> Collected material:
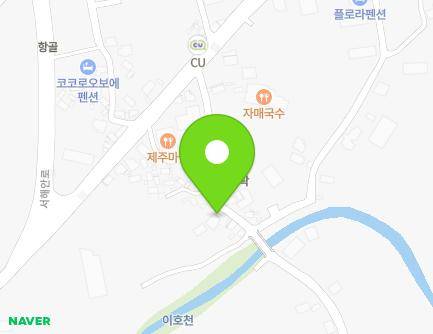제주특별자치도 제주시 항골남길 35 (이호일동) 지도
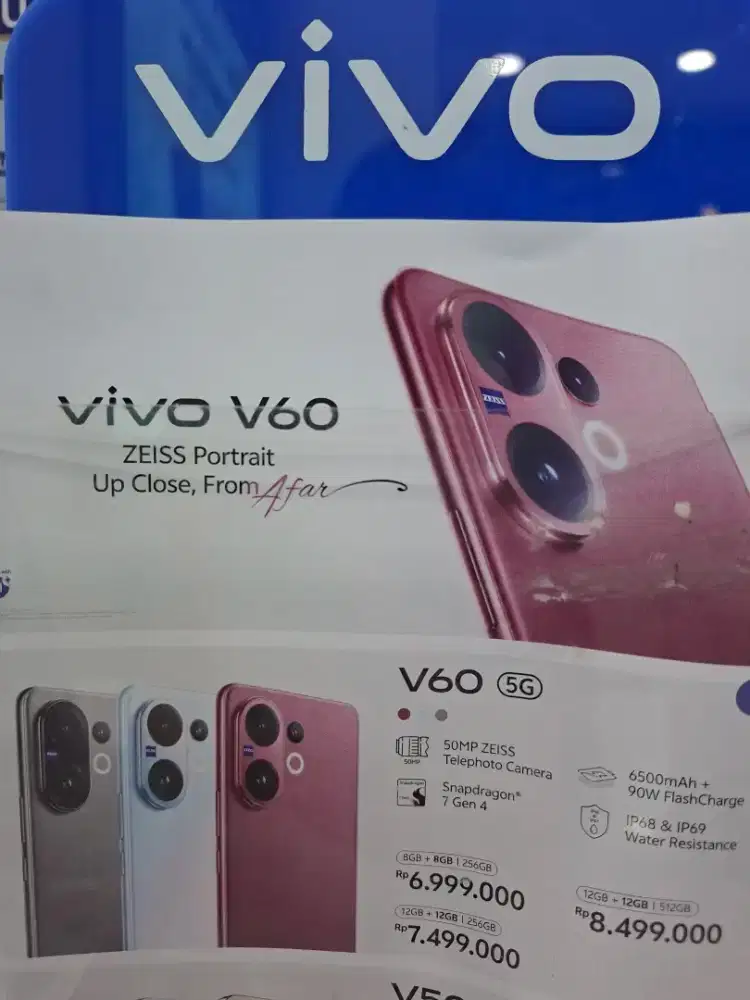 Vivo V60 bisa dicicil tanpa dp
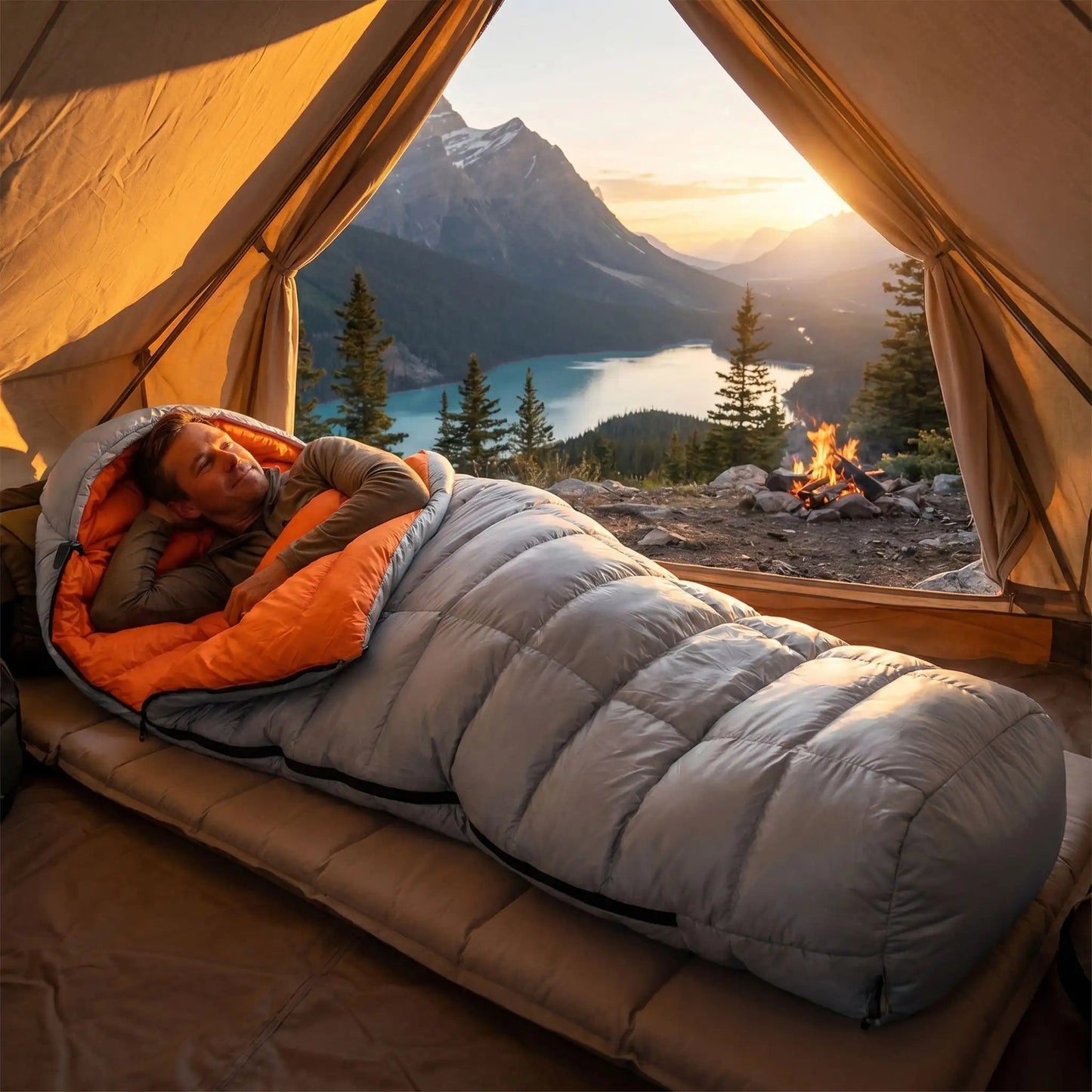 Sac de couchage grand froid | Duvet Premium - Camping Aventurier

> Exercise details: An exact copy of every line above is needed, without the images.

> Response to this exercise:
제주특별자치도 제주시 항골남길 35 (이호일동) 지도
 Vivo V60 bisa dicicil tanpa dp
 Sac de couchage grand froid | Duvet Premium - Camping Aventurier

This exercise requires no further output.